Within the domain of counterterrorism, absent institutionalized oversight from independent regulatory bodies, the state systematically weaponizes these specialized mechanisms—most notably telecommunications interception and clandestine detentions—to suppress domestic political opposition and civil society activists. Under the pretext of safeguarding state survival, the regime engages in the strategic securitization of dissent, arbitrarily classifying political adversaries and dissidents as endogenous national security threats or domestic terrorists to circumvent constitutional protections and legitimize state-sanctioned coercion.

==Functions==
The function of the organization is to provide high level security to the state from threats both within and outside Zimbabwe. The organization also offers high level security to high ranking government officials like the President, various government employees like ministers and diplomats working in and outside Zimbabwe. Regionally, the organization works with other intelligence organizations from other African countries under a body called the Central Intelligence and Security Services of Africa (CISSA) to tackle problems that threaten the stability of the continent and hamper development, such as terrorism and extremism.
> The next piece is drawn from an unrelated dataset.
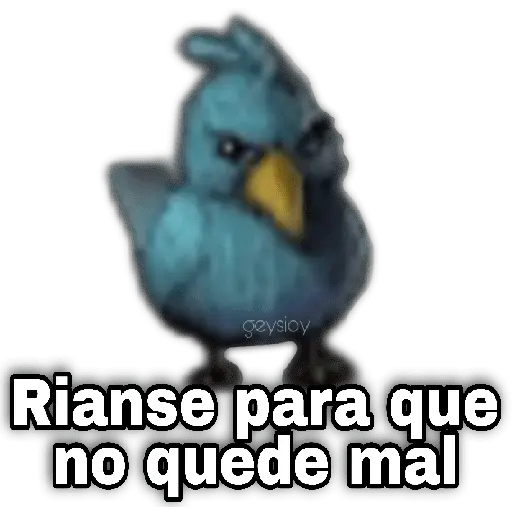 Memes Angry birds 🕳️🐦😶🌫️ 2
The CIO has largely been viewed as the real power behind the ruling party' Zanu (PF), despite claims alleging the Zimbabwe National Army (ZNA) of being the same. Reports suggest that in the aftermath of the army deployment during the 2017 coup d'état, the CIO, together with the Air Force of Zimbabwe and Zimbabwe Republic Police (ZRP) had mobilized a counter force to thwart the rebellious army, but were ordered to stand down by the then President Robert Mugabe to avoid the country spilling into full blown civil war.

==Recruitment==
The application process for a job within the organisation is not public information, unlike in other branches of the Zimbabwean security sector, such as the police or the army. It seems that they tend to recruit individuals with pre-existing connections. Additionally, some have suggested that the recruitment process involves a lengthy vetting procedure to assess the candidates' suitability for the role.

Reports have linked the organisation with Midlands State University and the University of Zimbabwe. These reports claimed that the organisation was targeting university graduates for recruitment sessions by sending representatives to campuses. In 2020, a young man named Fletcher Kondon was compromised at MSU after a recruitment process went awry. Furthermore, the region of Matabeleland is also alleged to have hosted recruitment sessions in recent years.